* What needs to be done: In this exercise, print only the lines from the line with "Download lagu Abafana Basemawosi - Ubobuya Ekhaya mp3 Download" to the last line of the data below, inclusive. Any pictures should be left out.

* Available data:

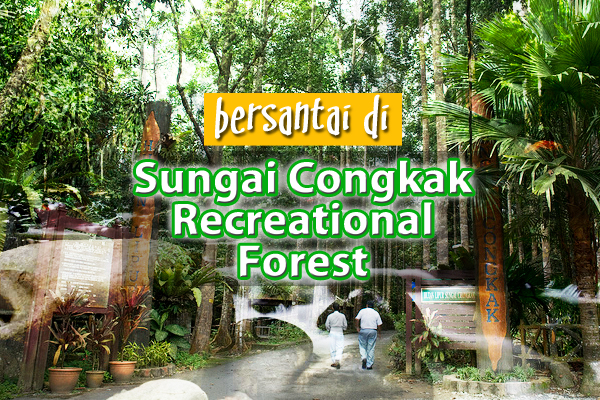 sungai congkak recreational forest - women online magazine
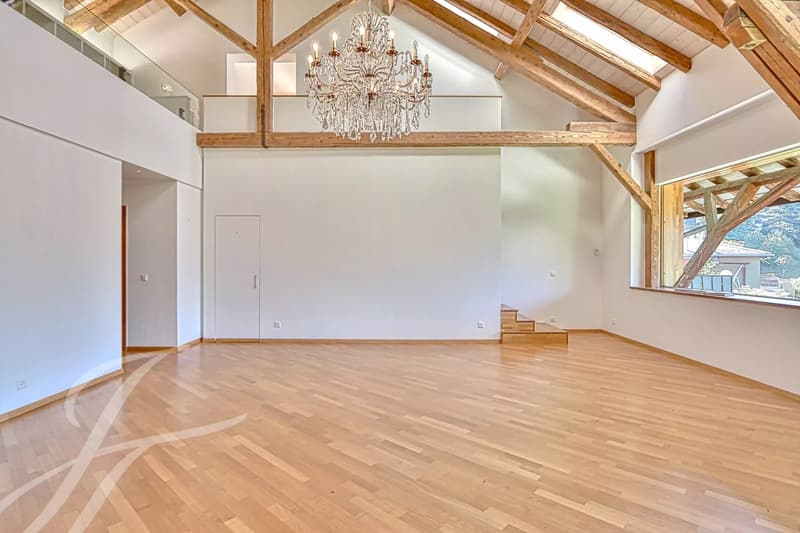 EN EXCLUSIVITÉ!! Appartement de 4.5 pièces aux volumes impressionnants (3)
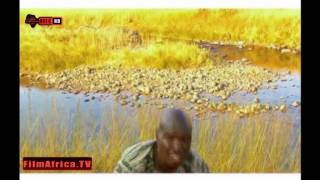 Download lagu Abafana Basemawosi - Ubobuya Ekhaya mp3 Download lagu Abafana Basemawosi - Ubobuya Ekhaya mp3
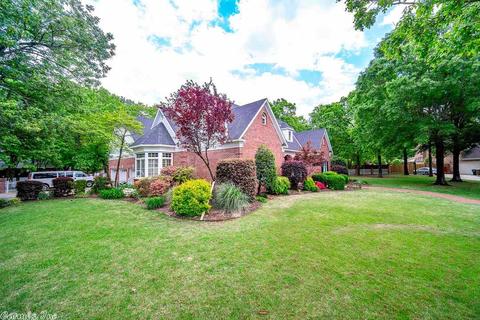 393 Pippinpost Dr, Conway, AR 72034 photo 39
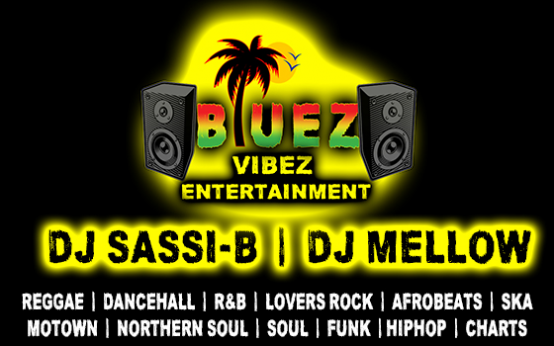 Bluez Vibez Ent.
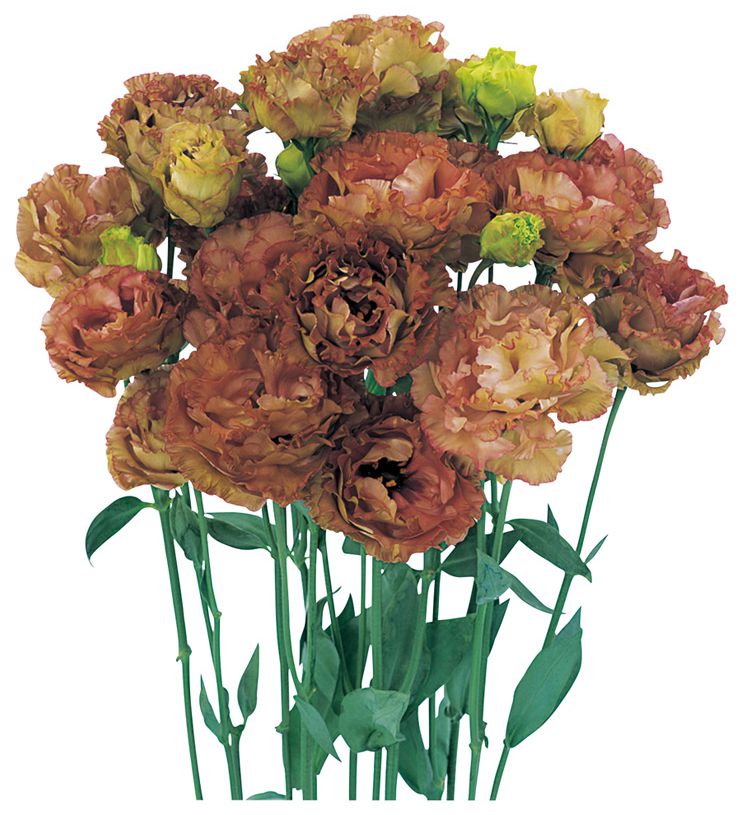 암바 더블  마론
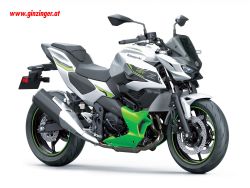 Z7 Hybrid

* Result for this task:
 Download lagu Abafana Basemawosi - Ubobuya Ekhaya mp3 Download lagu Abafana Basemawosi - Ubobuya Ekhaya mp3
 393 Pippinpost Dr, Conway, AR 72034 photo 39
 Bluez Vibez Ent.
 암바 더블  마론
 Z7 Hybrid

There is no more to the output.